Worried about the shrinking presence of empathy in our schools? I know how you feel.

With classrooms operating more like grade factories, it's hard to make the case for school-driven empathy. Faced with an endless cycle of memorize, drill, spit back and test, teachers have become the wardens of a new educational reality that pits the head against the heart. Even if educators manage to skate past the dizzying array of standards and value-added evaluations, they must still contend with this fundamental divide: academic rigor, with its unflinching emphasis on measurable success, seems strangely at odds with emotional intelligence, a soufflé of moods and feelings. Which leaves many to wonder -- can empathy feel its way back into the classroom?

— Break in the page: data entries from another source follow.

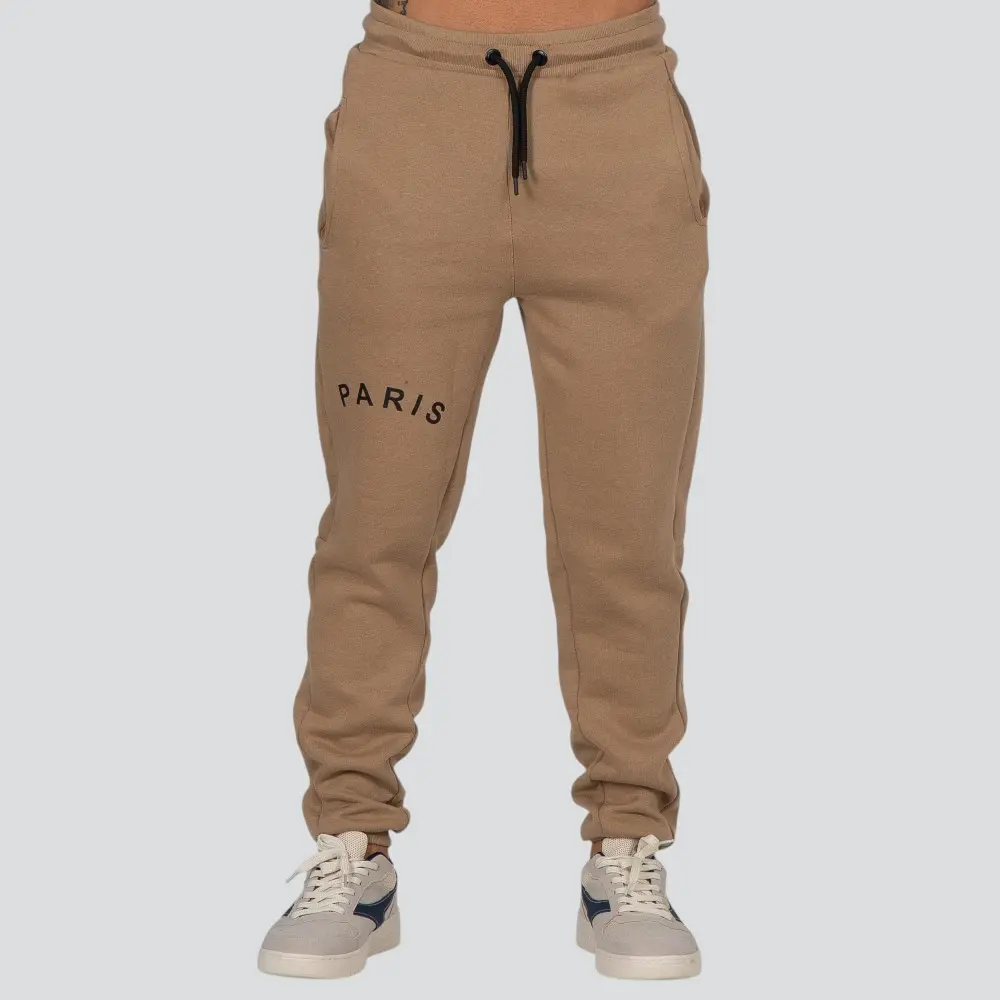 Calça Masculina Moletom . 14011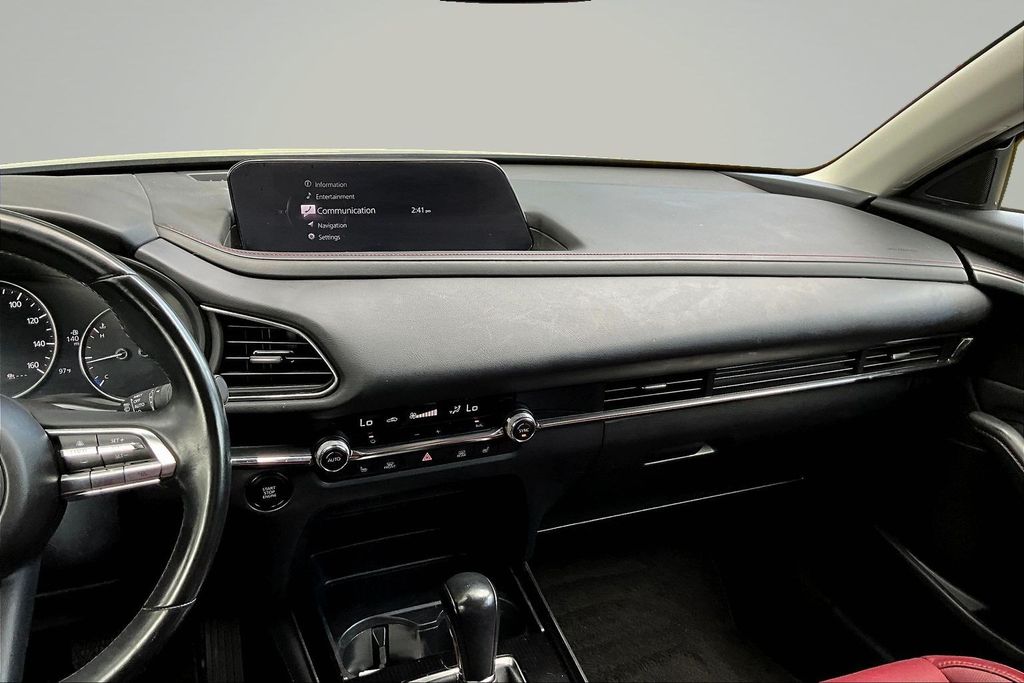 Thumbnail: 2023 Mazda CX-30 - 9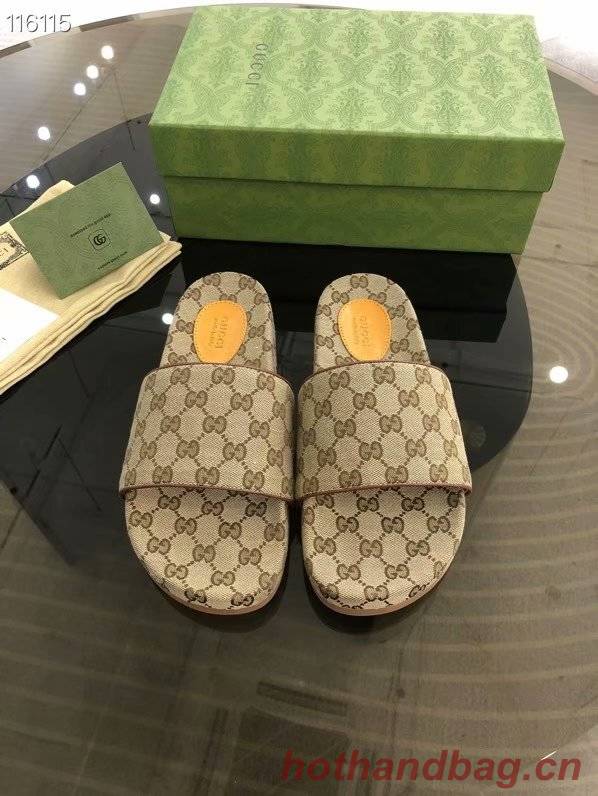 Gucci Shoes GG1738XB-2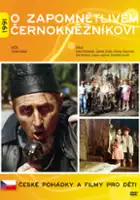 plakat filmu O zapomnětlivém černokněžníkovi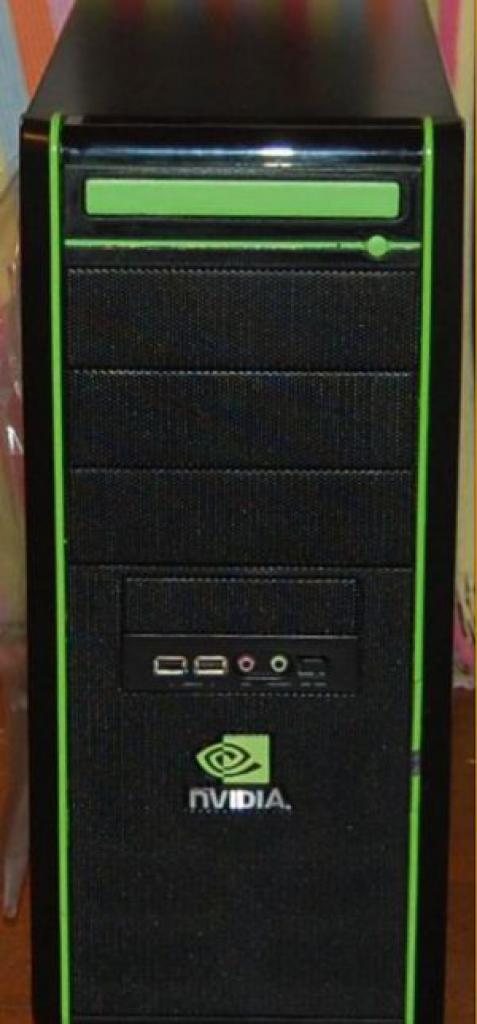 [03/10/2009] PC Games Hardware Extreme: Ein Nvidia-PC entsteht (31)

For an unlikely accomplice, look no farther than tomorrow's lesson plan. That's because evidence-based models of instruction can become empathy builders, tools for the mind and spirit. Designed around cooperative learning, your lesson plan can actively foster class-wide feelings of cohesiveness, collaboration and interdependence -- without sacrificing instructional time or learning goals.

Cooperative Learning: An Empathy Lever

In cooperative learning, students work together, think together and plan together using a variety of group structures designed along an instructional path. This dynamic learning model breaks with the dusty forms of frontal teaching that often create classrooms of "lonesome togetherness" -- students who may sit together but live worlds apart. Cooperative learning creates what Daniel Goleman calls "cognitive empathy," a mind-to-mind sense of how another person's thinking works. The better we understand others, the better we know them -- pointing toward (among other virtues) greater trust, appreciation and generosity.

But wholesale adoption of cooperative learning does not automatically yield the kind of results that educators want and students need. Dispatching students into "groups" with the hopes they'll become more empathetic carries the same potential for success as trying to hit a dartboard while blindfolded -- maybe a few lucky strikes, but not much more. To harness the power of cooperative learning as a tool for building empathy, teachers need a specific strategy, a best practice that works -- in real classrooms with real students. Fortunately, one exists. It's called jigsaw.

The Jigsaw Classroom: Goals and Execution

Created in 1971 by psychologist Elliot Aronson to defuse his volatile fifth grade classroom, the jigsaw method has a long track record of successfully reducing classroom conflict and increasing positive educational outcomes. As an empathy builder, it also opens doors of opportunity.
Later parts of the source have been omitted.